Uber recently announced that it’s going to limit the use of surge pricing through machine learning. The machine learning algorithms will take multiple data inputs and predict where the highest demand is going to be so that Uber drivers can be redirected there. This will ensure that there is no supply and demand shortage so that it does not have to actually implement surge pricing. Uber has not yet confirmed as to when this new system with smart machine learning algorithms would be rolled out to reduce surge pricing.
Matching Algorithms at Uber
Timing is everything at Uber. Given a pickup location, drop off location and time of the day, predictive models developed at Uber predict how long will it take for a driver to cover the distance. Uber has sophisticated routing and matching algorithms that direct cars to people and people to places. Right from the time you open the uber app till you reach your destination, Uber’s routing engine and matching algorithms are hard at work.
Uber follows a supplier pick map matching algorithm where the customer selects the variables associated with a service (in this case Uber app) and makes a match by sending requests to the most optimal list of service providers. Any Uber ride request is first sent to the nearest available Uber driver (the nearest available Uber driver is determined by comparing the customer location with the expected time of arrival of the driver). The Uber driver then accepts or rejects a ride request. This matching algorithm works well for Uber since the transaction is highly commoditized i.e. the number of variables that the customer has to decide before a match is made are minimal.

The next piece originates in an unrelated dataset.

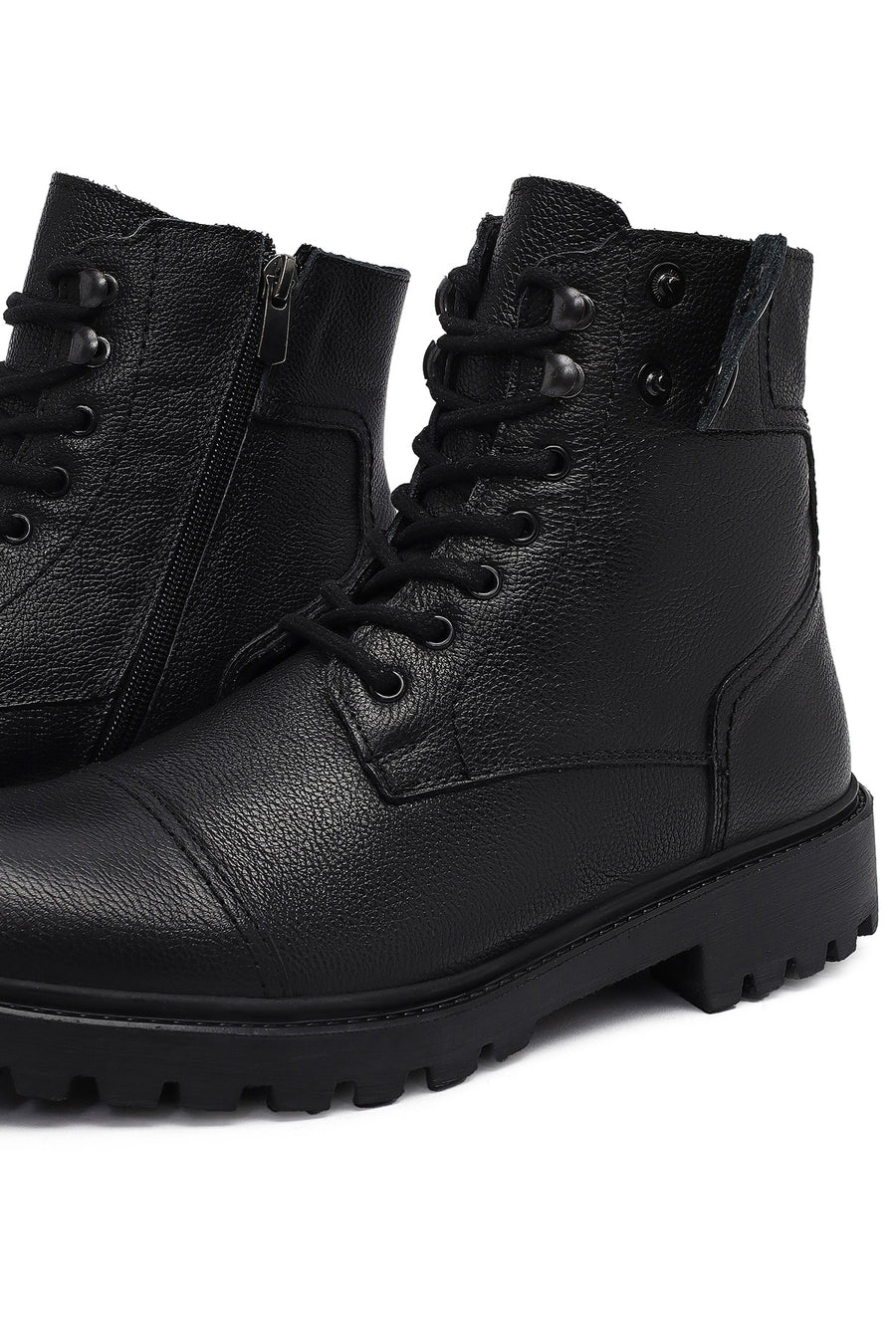 Male Black Zip Closure Leather Combat Boots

Uber uses a mixture of internal and external data to estimate fares. Uber calculates fares automatically using street traffic data, GPS data and its own algorithms that make alterations based on the time of the journey. It also analyses external data like public transport routes to plan various services.
Uber Data Science Tools
Python is the go-to data science programming language at Uber and is extensively used by the Uber data team. Commonly used third party modules to do data science at Uber include NumPy, SciPy, Matplotlib and Pandas. Uber data team does use R programming language, Octave or Matlab occasionally for prototypes or one-off data science projects and not for production stack. D3 is the most preferred data visualization tool at Uber and Postgres, the most preferred SQL framework.
What can you expect in future from Uber‘s data driven methodologies?
With initiatives like UberFresh for grocery deliveries, UberRush for package courier service and UberChopper offering helicopter rides to the wealthy-Uber is all set to revolutionize private transportation globally. Uber knows the popular nightclubs in the city, best in class restaurants and has data about traffic patterns across different regions. Uber’s data would be soon be combined with customer specific personal data in exchange of benefits making Uber the big Big Data Company. Soon, citizens would not mind sharing their SSN with Uber if they use your data to book a restaurant for a romantic dinner date on Valentine’s Day that has good live music and arrange a pick up for you and your wife in a luxury car.
So the next time on your “Uber” ride experience, do think of some data science that is going behind the scenes. The quality of service that you are enjoying is the due to the big data being analysed and data science being applied, to create a better riding experience for you.